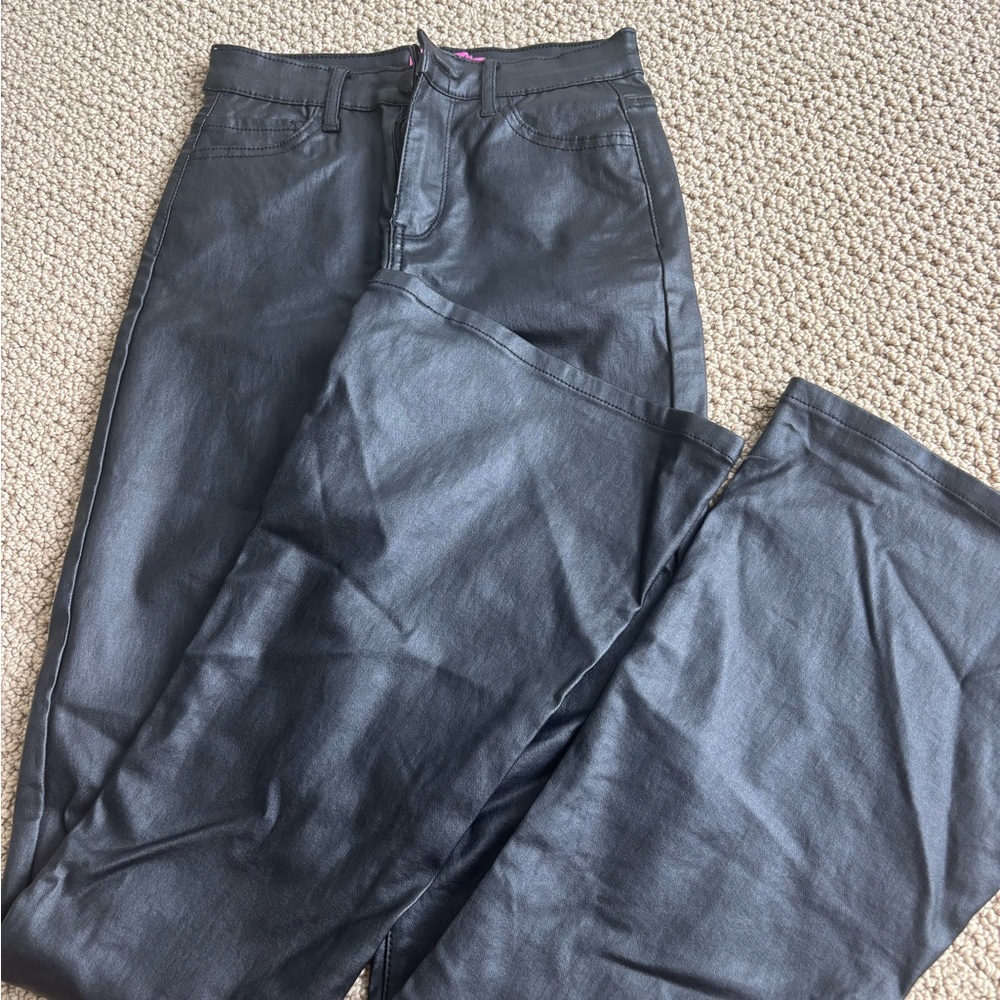 Edikted Black Leather Flared Pants #edikted #trendy #cute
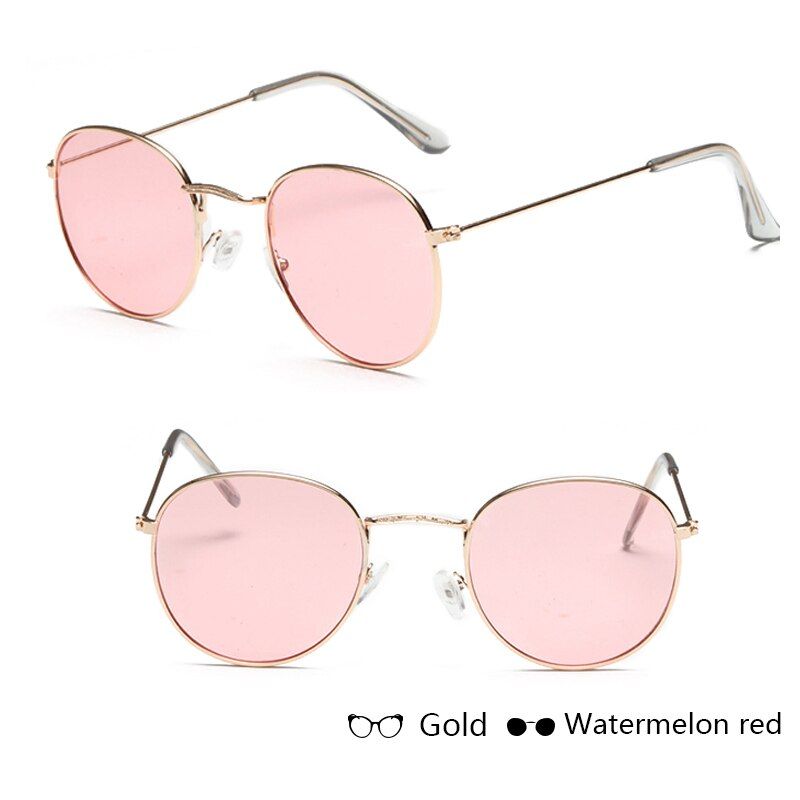 AEvrfelan Mirror Women's Sunglasses Men Retro Round Sun Glasses Female Fashion Unisex Eyeglasses Metal Frame gafas de sol
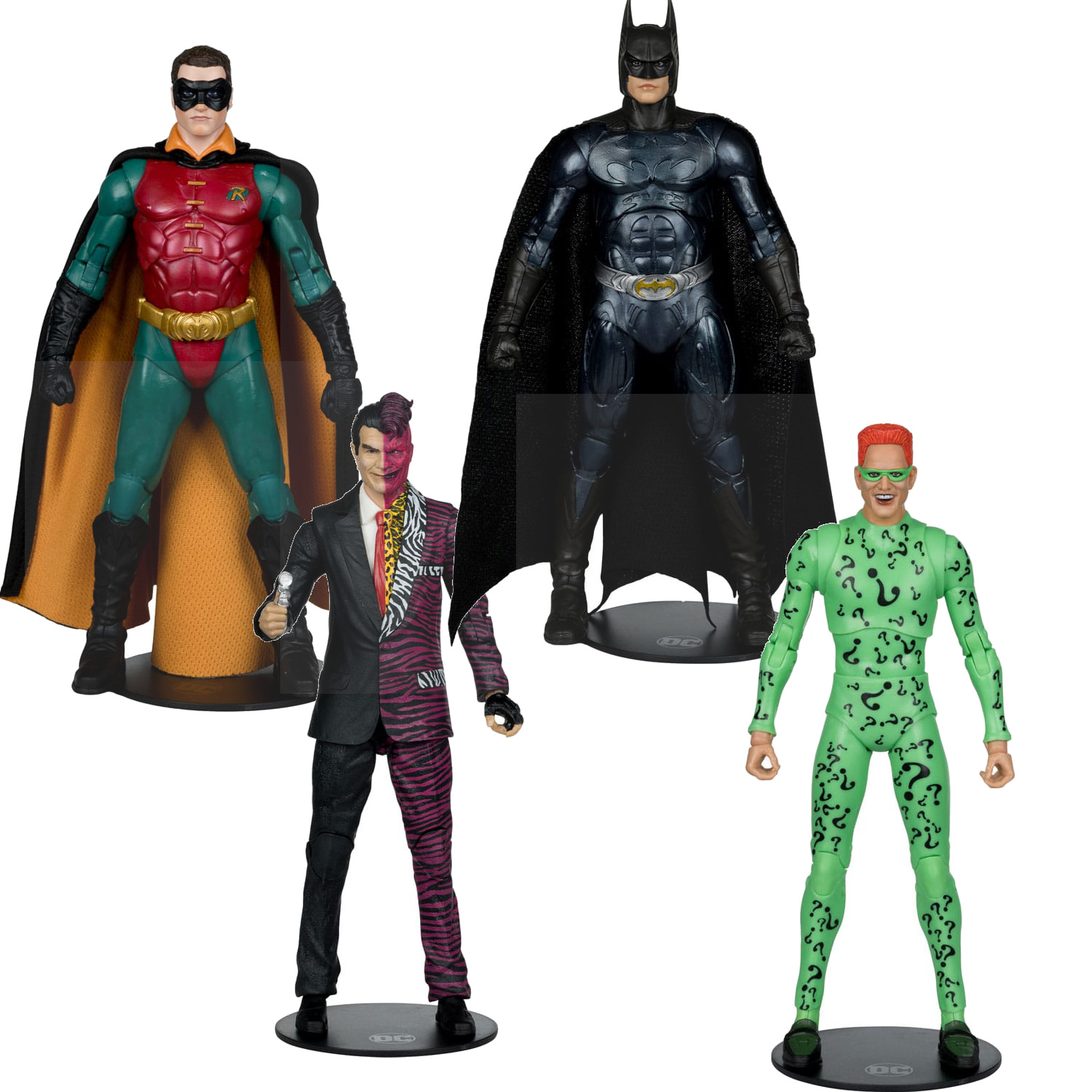 DC Build A Megafig Action Figure Batman Forever Two Face / Batman / Robin / Riddler 18 cm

--*--

» WHAT TO DO
Please copy exactly the lines from the one that contains "AEvrfelan Mirror Women's" through the last line of the listing above, leaving out the pictures.

» SOLVED EXERCISE
 AEvrfelan Mirror Women's Sunglasses Men Retro Round Sun Glasses Female Fashion Unisex Eyeglasses Metal Frame gafas de sol
 DC Build A Megafig Action Figure Batman Forever Two Face / Batman / Robin / Riddler 18 cm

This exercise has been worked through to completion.